Aim of the exercise. Transcribe exactly the line with "Soubor:Population - Municipality" and each line that follows it in the listing, down to the last, omitting all pictures.

** Data section follows **

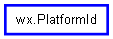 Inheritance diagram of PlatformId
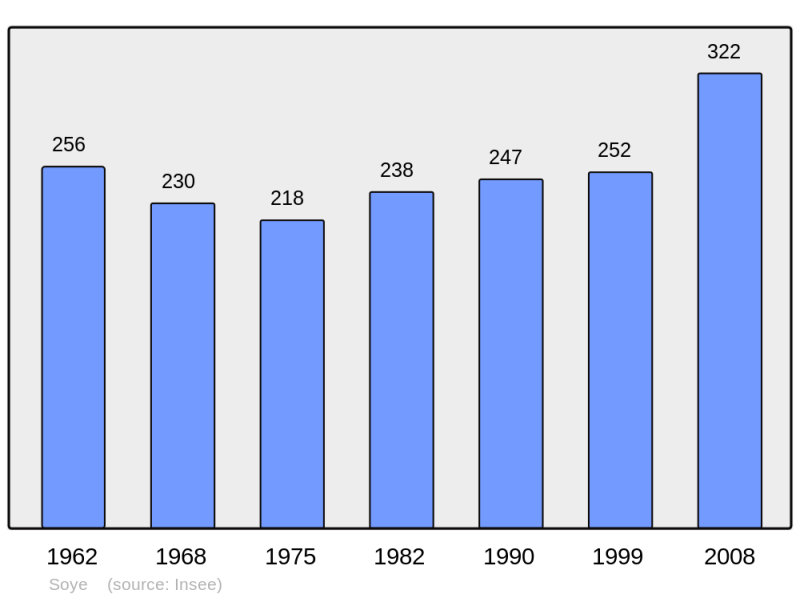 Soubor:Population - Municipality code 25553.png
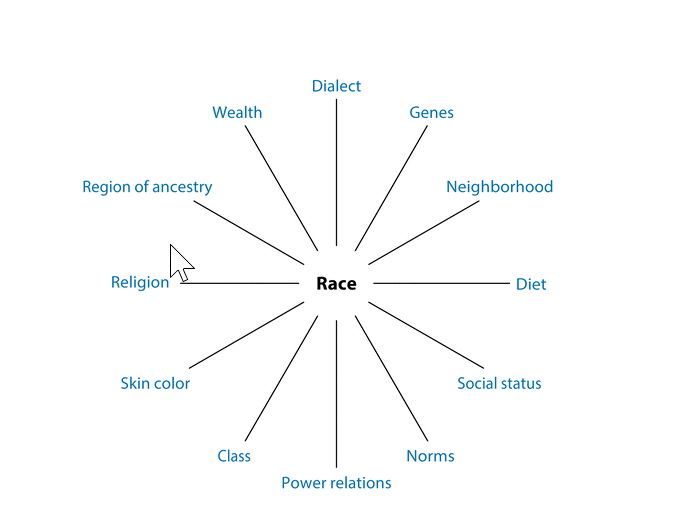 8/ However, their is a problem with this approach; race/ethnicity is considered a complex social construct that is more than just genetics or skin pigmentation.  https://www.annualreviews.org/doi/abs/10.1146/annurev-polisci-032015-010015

** End of Data section **

Answer for the task.
 Soubor:Population - Municipality code 25553.png
 8/ However, their is a problem with this approach; race/ethnicity is considered a complex social construct that is more than just genetics or skin pigmentation.  https://www.annualreviews.org/doi/abs/10.1146/annurev-polisci-032015-010015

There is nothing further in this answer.